We have been meaning to go on holiday. We were thinking of Mallorca, one of the Spanish Balearic islands. It’s apparently nothing like its previously sordid reputation and is actually really beautiful (and cheap if you use Norwegian Airlines and fly on a Saturday). But we didn’t go there. We flirted with Greece; Paxos, the place I visited when all I had was a few bin bags, a single bed sheet and £40. We didn’t go there in the end. Something about scrolling down a screen and picking a place at random was off-putting, as if all these places were somehow the same, Turkey, Toulouse, Lanzerote, Labia. I think by the end we didn’t know if they were countries or cities or what.

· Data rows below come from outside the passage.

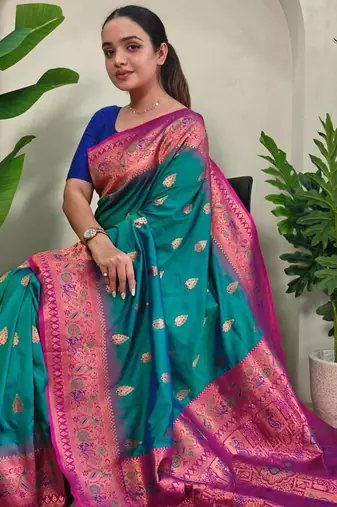 Rama green art silk  woven saree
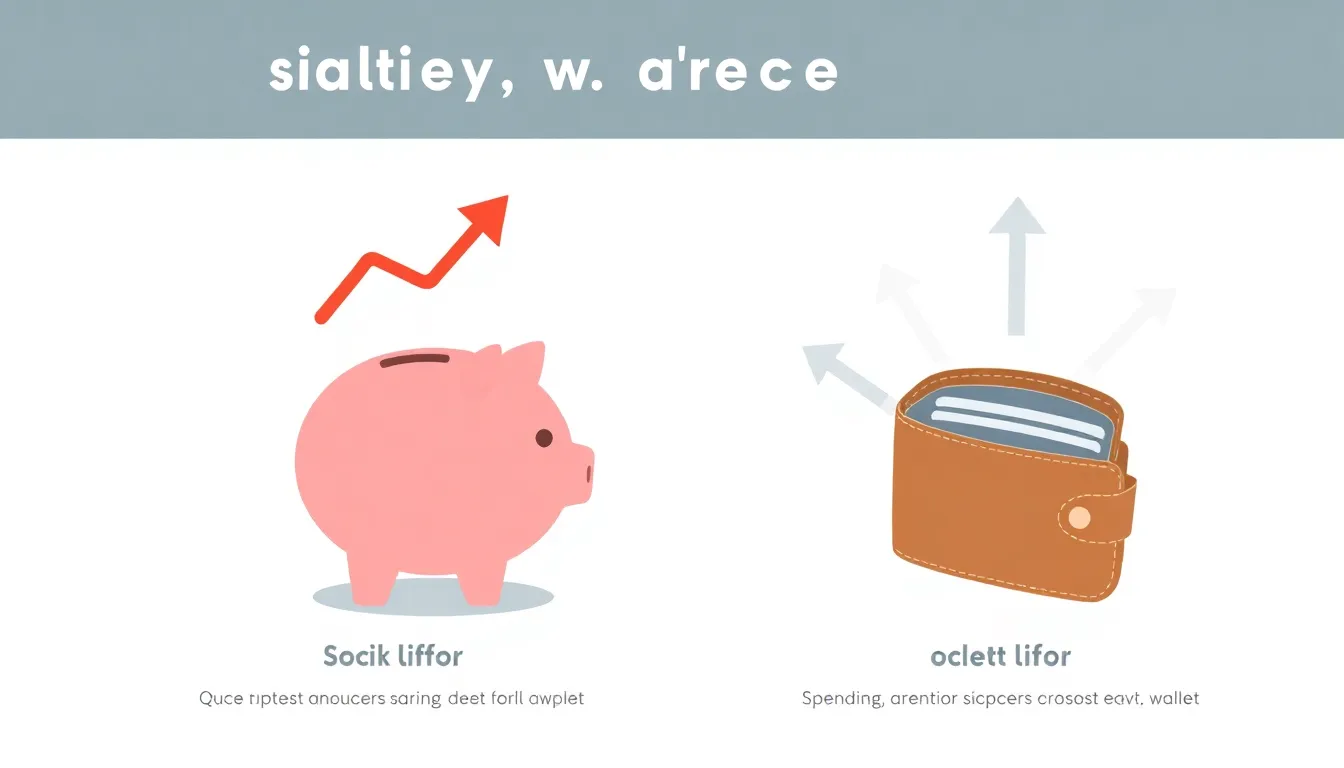 Create a clean, minimal educational infographic comparing two societies: one with a piggy bank and savings arrow upward, the other with spending arrows and empty wallet. Use simple icons, lig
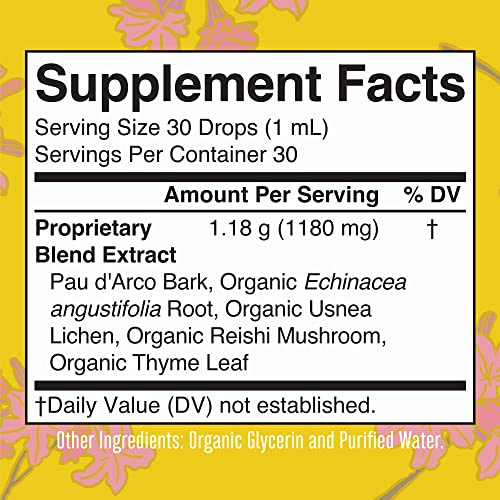MaryRuth Organics PAU d'Arco Bark Liquid Herbal Supplement | Immune Support, Digestive & Gut Health | Echinacea, Usnea Lichen, Reishi Mushroom, Thyme Leaf | Vegan, Non-GMO | 1 Fl Oz, 1 Month Supply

And it wouldn’t really have been a holiday, more a kind of fleeing. As if we were train robbers, when we were just waiting for our flat to become available, and needed somewhere to stay in the interim. But we became a bit heady at the idea of Europe because we haven’t had Europe for so many years; the idea of it, where you get on a plane that costs 10p and suddenly you are in Bosnia! Or you get on a train and you’re in Paris, city of dogs. A coach to World War 1! But I really missed going into a travel agent and being put into a trance. It’s not the same unless you’re frothing at the mouth and gently rocking while a lovely lady in a pink pelmet leafs through a catalogue and guides her gilded talon-shaped nails to some facts appertaining to you and your travel needs and then taps away at her keyboard for a while. The holiday always came to about £3,000 all in but it was like meditation. I always left with nothing but a few free magazines and a strange, limp smile on my face.
So we didn’t go away. Instead, I decided to photograph conkers against a hessian background and throw away my hideous shoes. I bought a new pair from Clarks shoe shop, which was also a hypnotic experience. In the end I had no idea what I was buying. They’re cream leather with green laces and they look like little crimped pies. “They certainly make a statement!” the assistant said, while I walked up and down. Anyway, I quite like them. And we have just left LA. Maybe we’re not ready for Europe yet. It is autumn here and everyone is going away. We’ve arrived and everyone is going. Mystified by the weather, everyone talks about it, and their colds, which are measly and mainly consist of sneezing. But there are extraordinary changes afoot here, and it’s exciting. There are storms and dangerous fissures in the chalk Downs, the sea is wild but still swimable. There’s a colony of rare kittiwakes nesting in the cliffs at Seaford. On the seafront, some kind Lithuanian fishermen handed us some mackerel, which were a startling, shiny blue with eyes like little buttons. I don’t actually know that they were Lithuanian, because I didn’t ask. It was decided that they were, through some weird process to do with their courtly manners.
I was described as ‘the lady in beige’ today. There I was draped over a plastic chair waiting to have ‘my bloods’ taken by the phlebotomist and it made me inwardly smile. And a kind chef from my favourite cafe Front Room in Seaford gave me my own ramekin of Spanish almonds to go with my egg and chips. His gesture and the plate of food reminded me of the tortilla – a warm feast of piquant, oniony yellows and browns – which feels right for autumn, for rugging up in various shades of beige, for staring out to sea, and for staying put.